By Dr J Mercola
Science has proven time after time that food is potent medicine. Broccoli, for example, has a solid scientific foundation showing it’s one of the most valuable health-promoting foods around.
For example, a compound in broccoli, glucosinolateglucoraphanin, produces a metabolite called sulforaphane that can significantly improve your blood pressure and kidney function1 by normalizing a process called DNA methylation.
Interestingly, preliminary research suggests sulforaphane may also be of particular benefit for those with autism—improving verbal communication and decreasing repetitive behaviors.
Broccoli Compound May Improve Symptoms of Autism
While limited in scope, the study still shows that food is an important part of the treatment plan for autism, and can have a significant impact on behavior. A total of 44 boys and men diagnosed with autism were enrolled in the study.
Some received sulforaphane in capsule form, while the controls received a placebo. As reported by Time Magazine:2
“The compound was chosen because it can help trigger a heat-shock response, a series of biological events that protect cells from stress during fevers; some people with autism have been known to see improvement in regard to repetitive behaviors, for example, during fevers.
Around 80 percent of the participants had a history of experiencing the ‘fever effect.’”
Positive results were observed within as little as four weeks. Communication improved, as did symptoms of hyperactivity and irritability. By the end of the 18-week study, about 50 percent of those receiving sulforaphane experienced improved ability to interact socially.
About one-third of those treated did not have any noticeable results however, so more research needs to be done to ascertain how and why the compound works in certain cases. Still, considering the many health benefits of broccoli, there’s certainly no reason to avoid it.
On the contrary, I believe part of the reason for its beneficial effect on autistic symptoms may be related to its ability to affect gene expression, inhibit certain detrimental gut bacteria, and promote detoxification of harmful environmental pollutants.
All of these factors play a role in autism, and pretty much anything that will have a beneficial effect on them is likely to be useful to some degree.
Sulforaphane Benefits Gene Expression and Gut Health
Sulforaphane is an organic sulfur compound found in cruciferous vegetables, including broccoli, Brussels sprouts, cabbage, cauliflower, horseradish, and arugula—but broccoli sprouts is the richest source.

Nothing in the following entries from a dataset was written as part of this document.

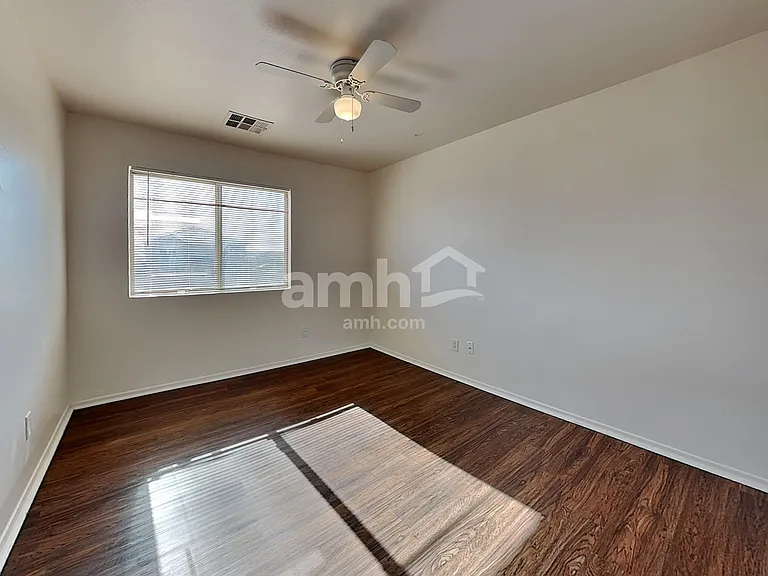 34720 N Happy Jack Dr — Photo 15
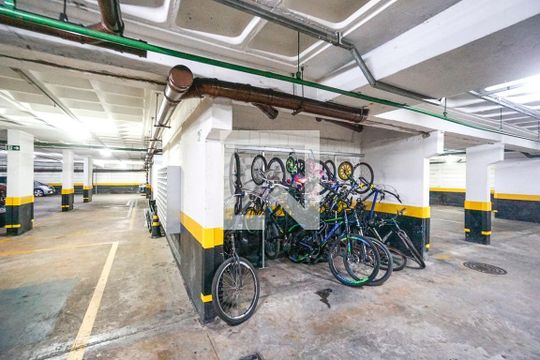 Condomínio  de apartamento à venda com 2 quartos, 60m² em Parque São Jorge, São Paulo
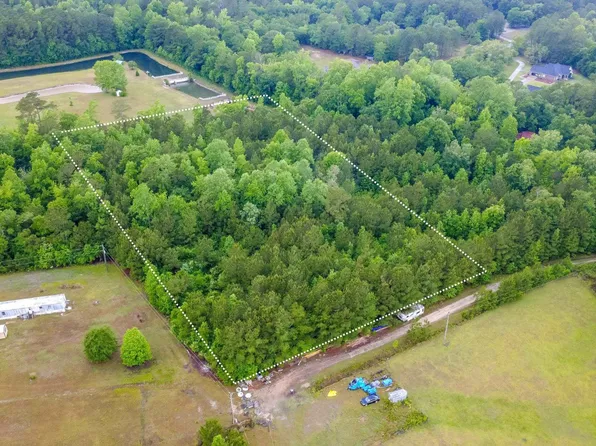 581 Roberts Rd., Aynor, SC 29511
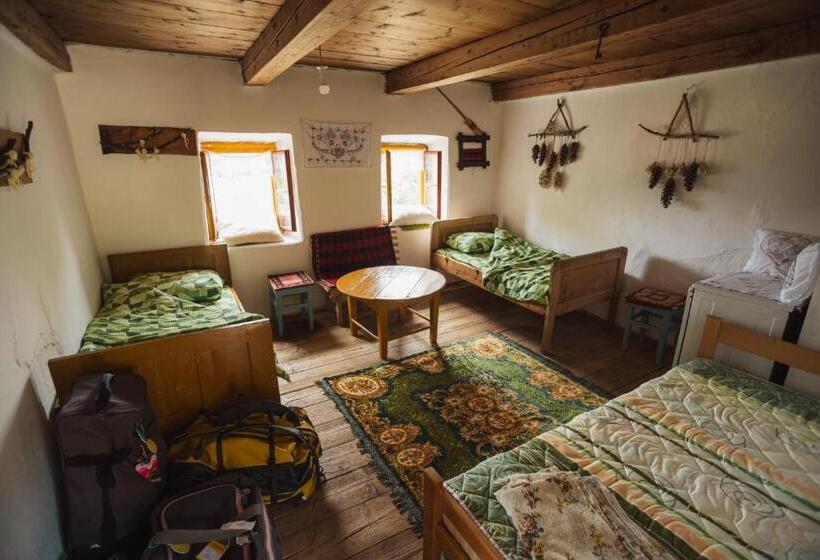 Quarto Triplo Estandar, Household šain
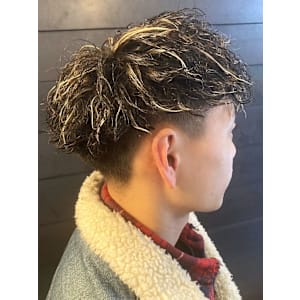 メッシュ メンズパーマ ツイスパ ホワイトベージュ ブリーチ - 全室完全個室 THIS IS BARBER 4th【ディスイズバーバーフォース】掲載中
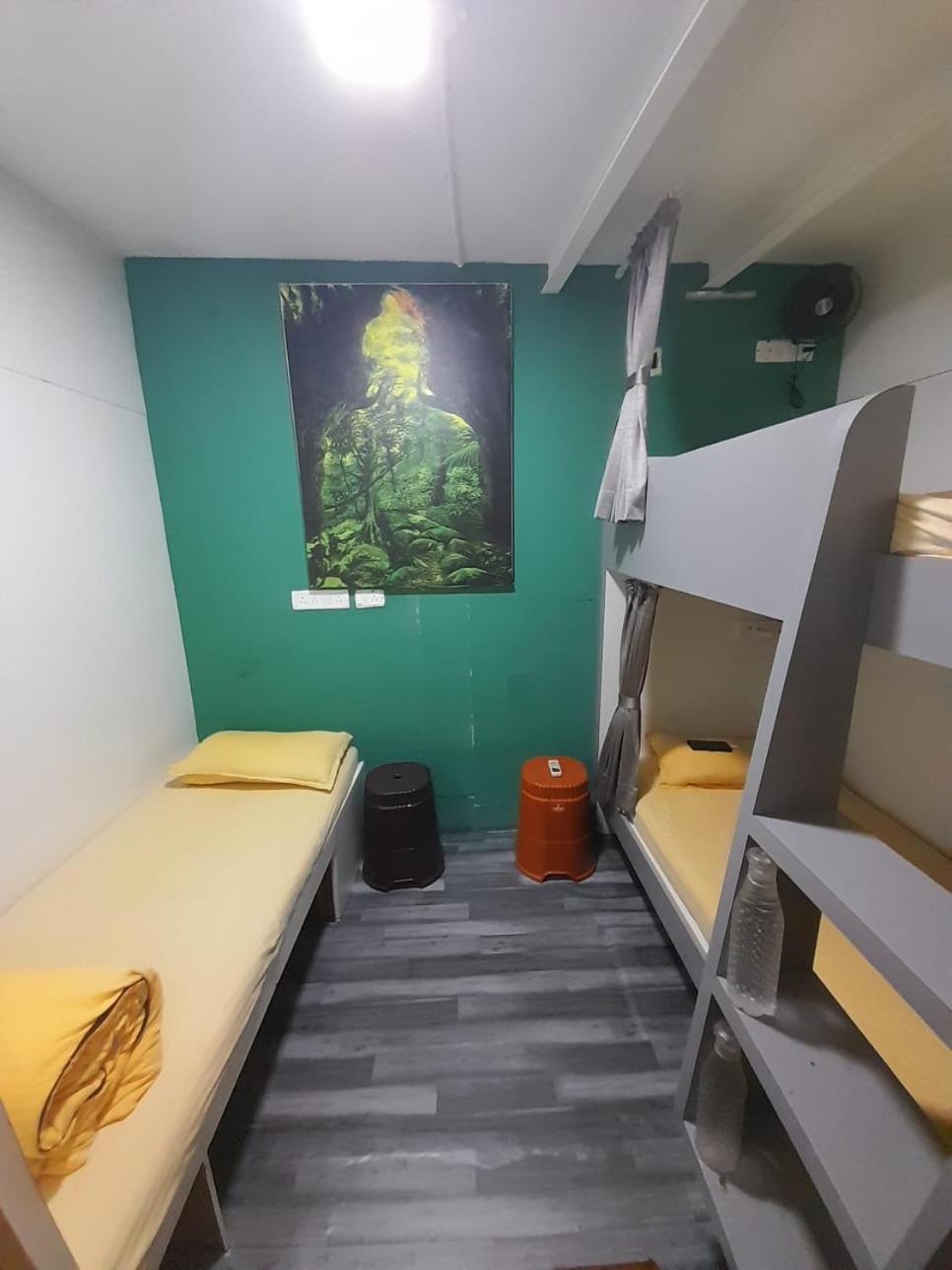 Sinhassan Dormitory Hostel Juhu มุมไบ ภายนอก รูปภาพ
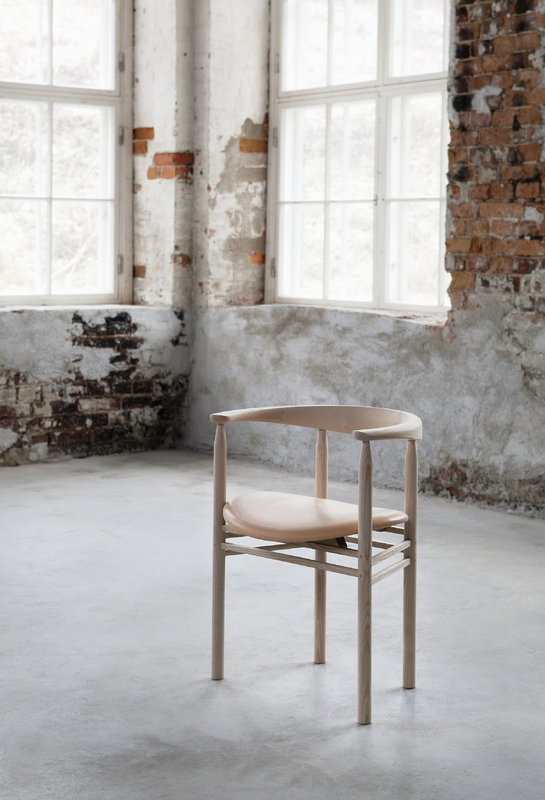 Linea Chair w/ Arms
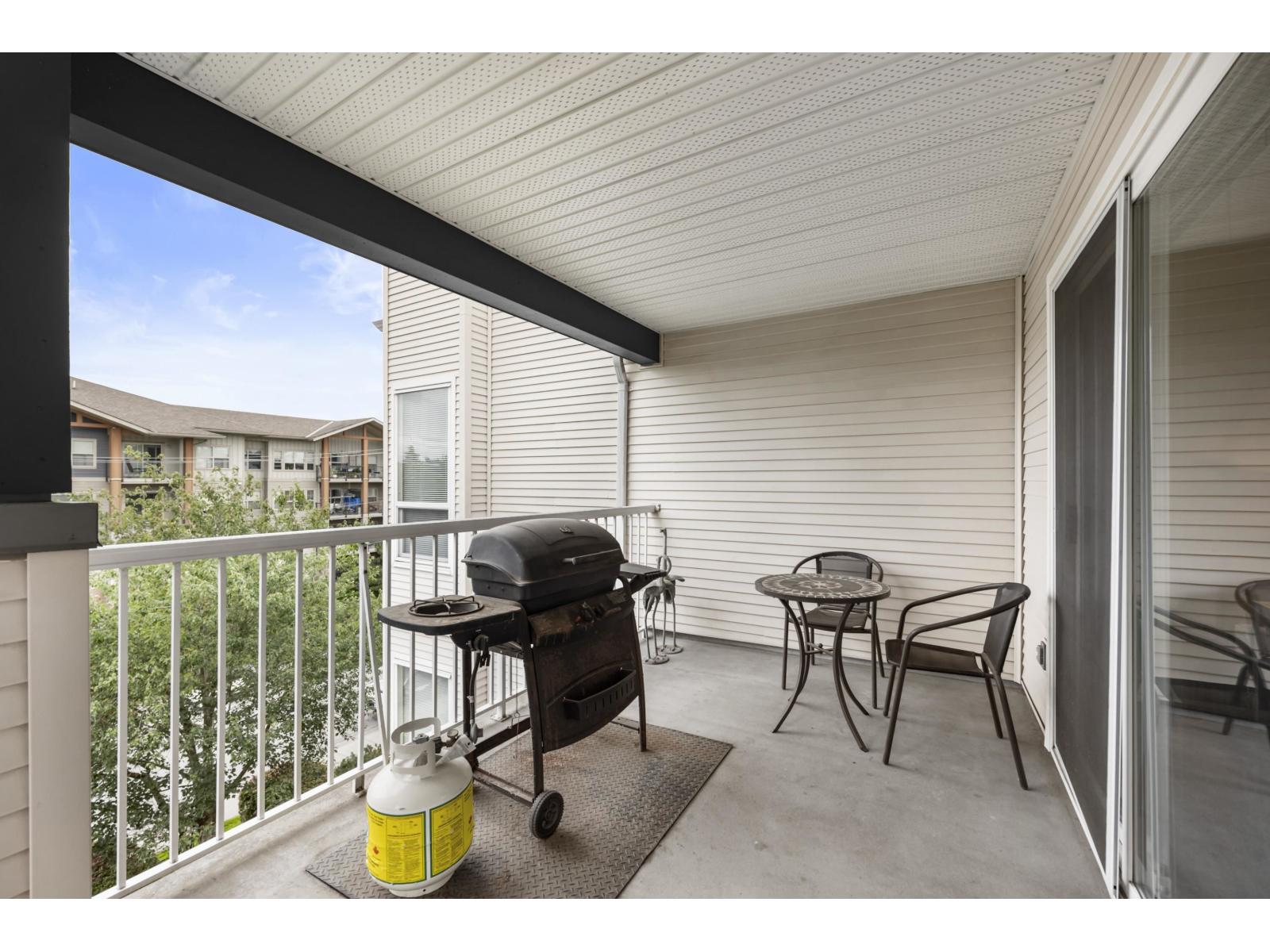 403 20200 54A AVENUE, Langley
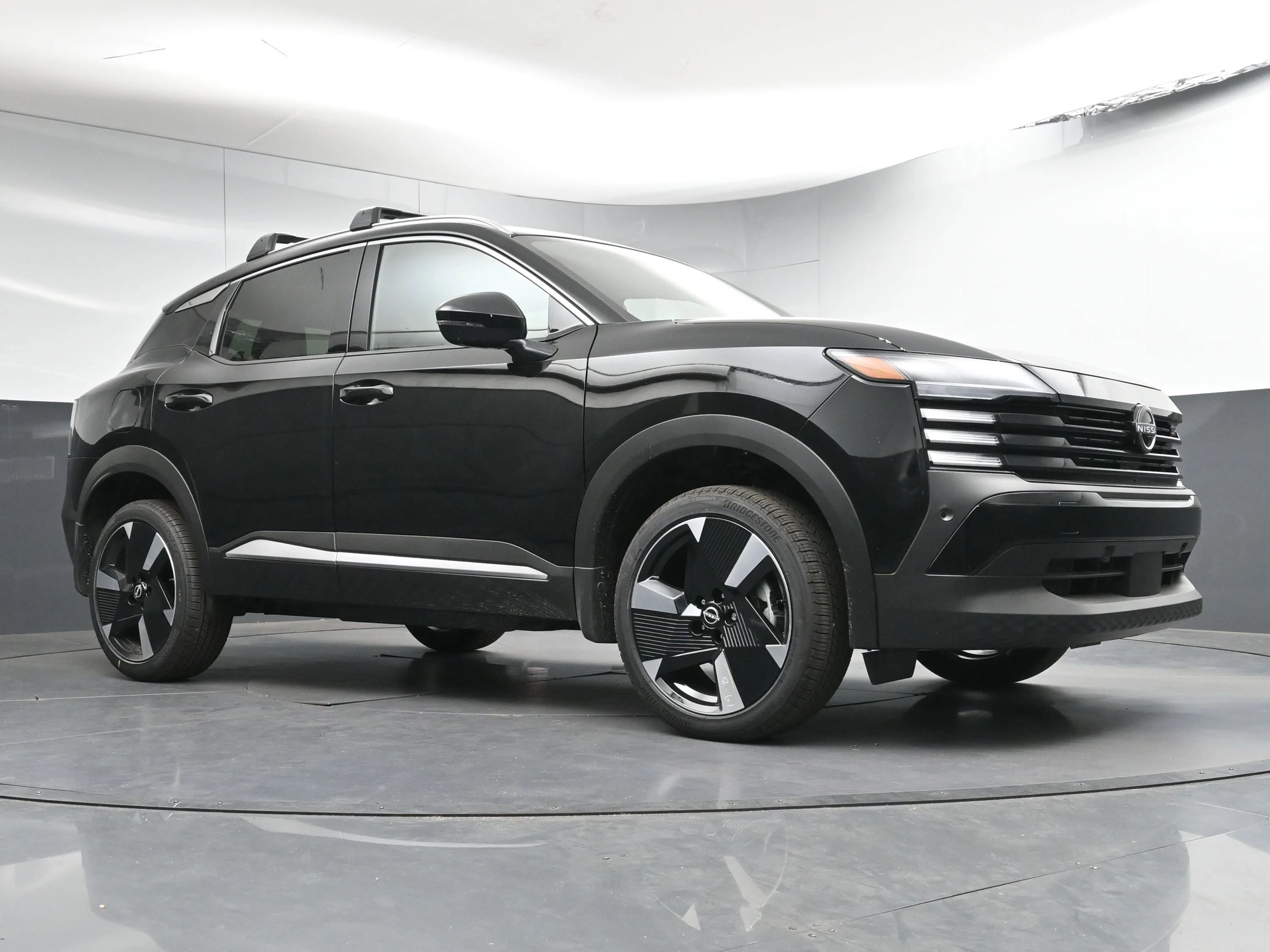New 2026 Super Black Nissan SR image 21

Sulforaphane has been shown to have antimicrobial properties. It also kills cancer stem cells, which slows tumor growth. As noted earlier, it also normalizes DNA methylation, which plays a role in a number of diseases, including hypertension, kidney function,3 gut health,4 and cancer.
In simple terms, DNA methylation5 is the process by which a methyl group (one carbon atom attached to three hydrogen atoms) is added to part of a DNA molecule.
This is a crucial part of normal cell function as it allows cells to “remember who they are and where they have been.” DNA methylation also suppresses viral- and other disease-related gene expression.
Sulforaphane influences bacteria as well. For example, broccoli sprouts have been shown to inhibit Helicobacter pylori, the bacteria thought to cause gastric ulcers. Interestingly, H. pylori may also play a role in autism.
It is widely known that autistic children tend to suffer from gastrointestinal (GI) problems, with those experiencing the worst GI problems often having the most severe cases of autism.
In one study,6 researchers analyzed the gut microflora of 20 healthy and 20 autistic children using fecal samples, and found distinct differences between the two groups.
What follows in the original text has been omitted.